Actually, all of these other disciplines depend on an understanding of - if not a love of - MATH. Really, almost all knowledge depends to a greater, or lesser, degree on MATH.
Long before there were calculators, I used to love to figure out the distance to the nearest star. Alpha Centauri, we were told then, was the closest star - before it was recognized to actually be 3 stars (A, B, and Proxima Centauri). I did it with paper and pencil, and made sure to use 365 1/4 days for a year to account for Leap Year - although even this is not exact since years divisible evenly by 400 are not Leap Years.

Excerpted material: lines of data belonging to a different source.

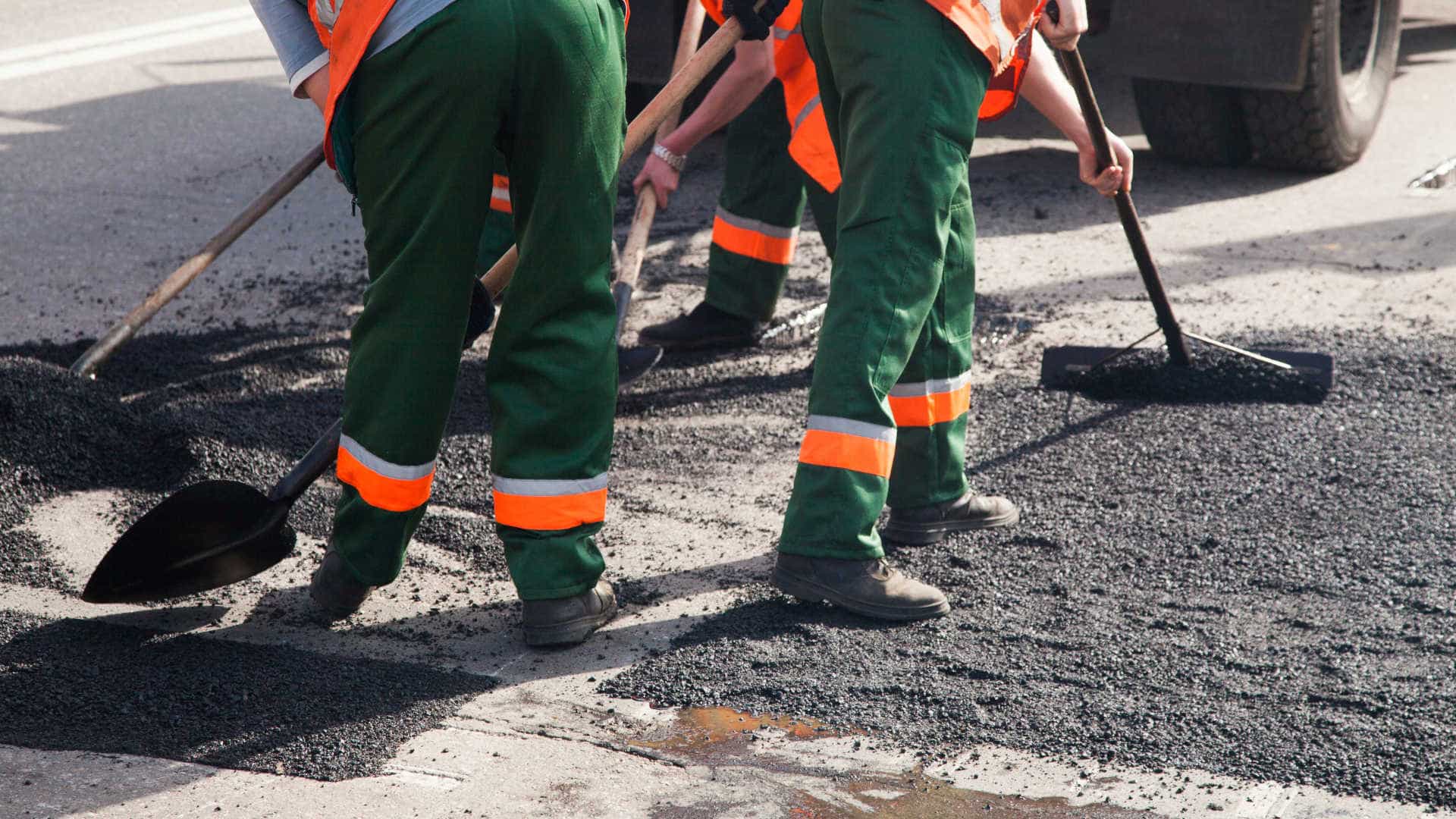 Workers resurfacing road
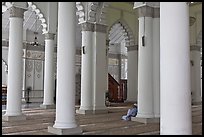 Man in prayer inside Masjid Kapitan Keling mosque. George Town, Penang, Malaysia (color)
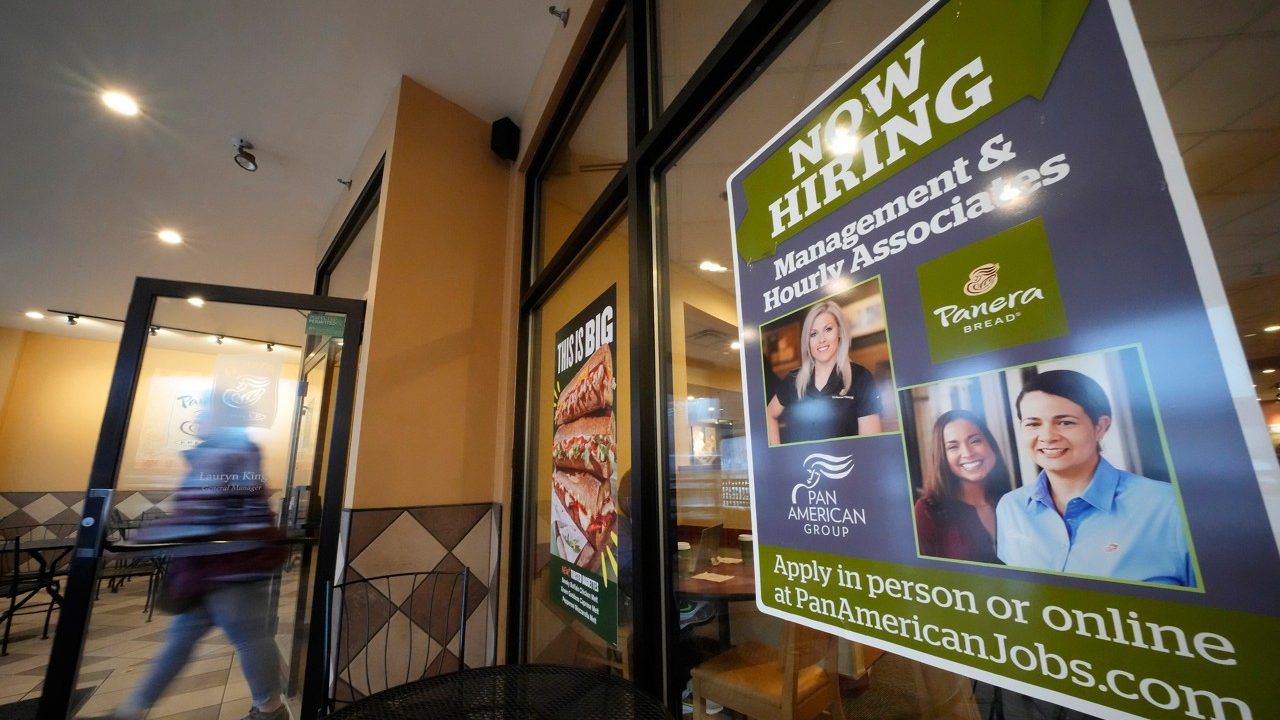 A hiring sign is displayed in the window of a Panera Bread store. (AP Photo/Gene J. Puskar, File)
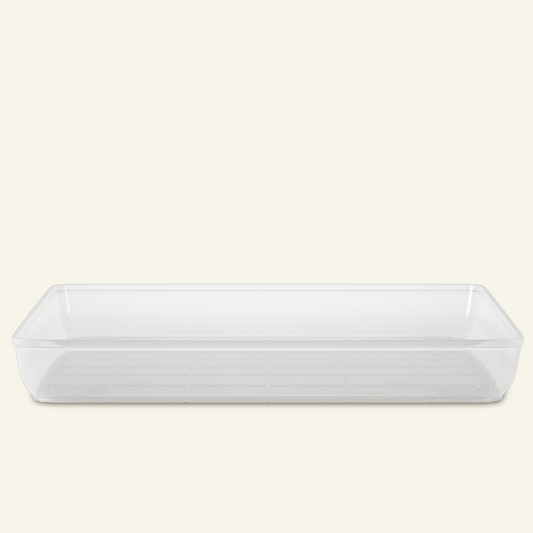 Empty clear plastic rectangular tray on cream background, square clear plant pot saucer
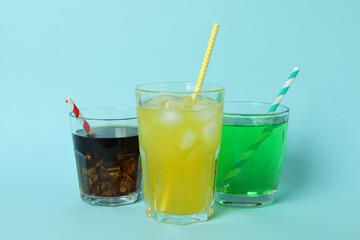 Glasses of different soda on blue background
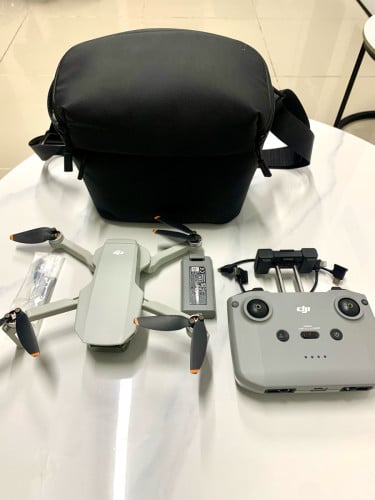 Drone dji mini 4K មួយទឹកនៅស្អាត99%គ្មានកន្លែងទាស់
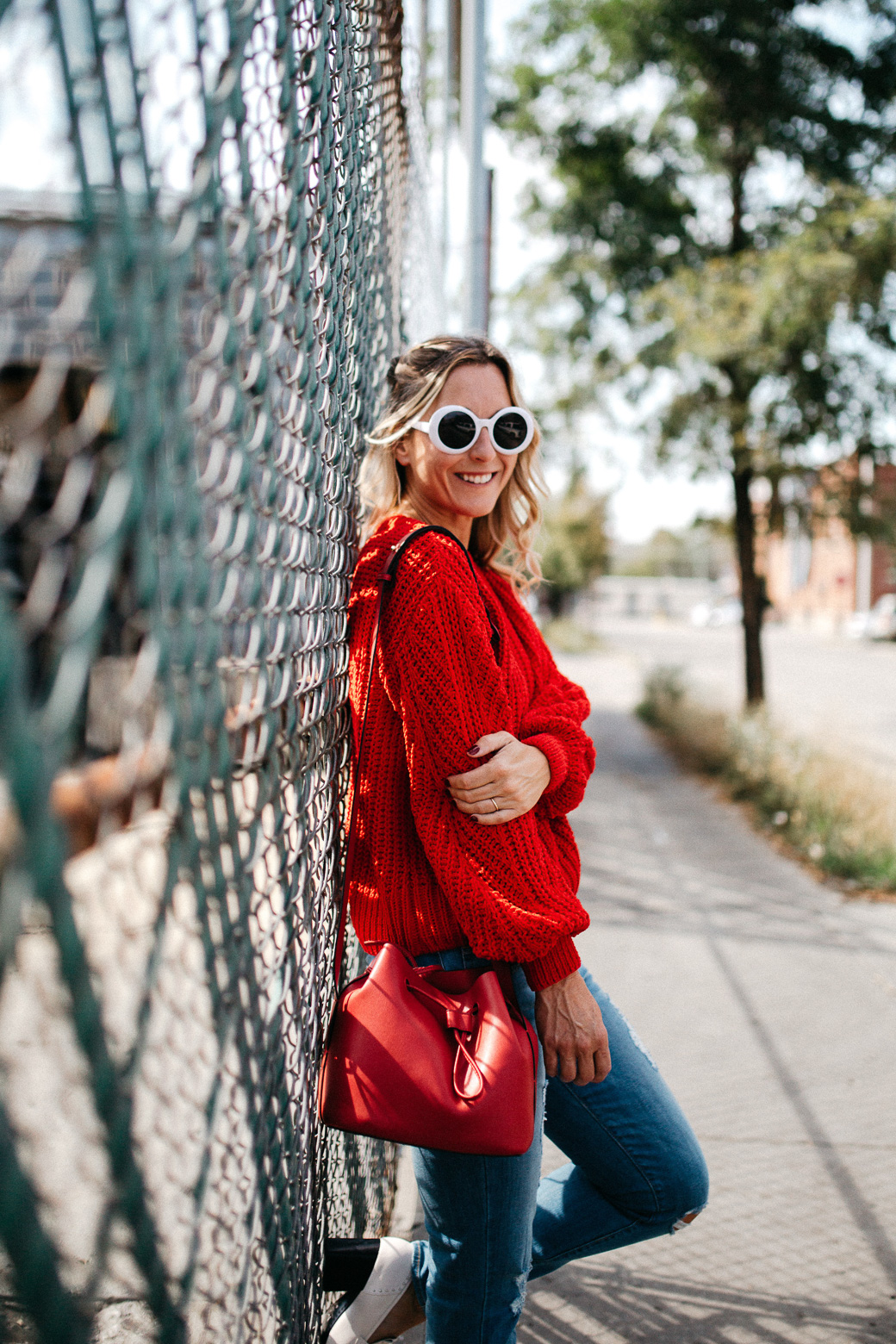 white shades and a red sweater with white rimmed glasses, 5 Sweaters Needed For Fall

Around 4th grade, I discovered the Quadratic Equation, and delighted in deriving it from the basic equation, (I don’t know how to type exponents on a keypad, so I will simply spell it out): aX(squared) + bX + c = 0. I did that every couple years for a long time.
And, I love playing with pi. I wrote a comment on the “I Love Pi Day” group site explaining that the proper time - as well as date - to enjoy your pie is 59 minutes and 26 seconds after 3 PM on March 14.
I also suggested that the proper pie to enjoy might be a “Transparent Pie” - an actual Southern or Appalachian dessert - since it is a contrast with pi itself which is imponderable.
I also love the concept of “squaring the circle”. In one sense, it is easy; in another larger sense, it is impossible. It is similar to the question they ask students in school: If you stand some distance - say 10 feet from a wall - and move half the distance to the wall, then half of that distance, then half of that distance, ... , ad infinitum, when will you reach the wall?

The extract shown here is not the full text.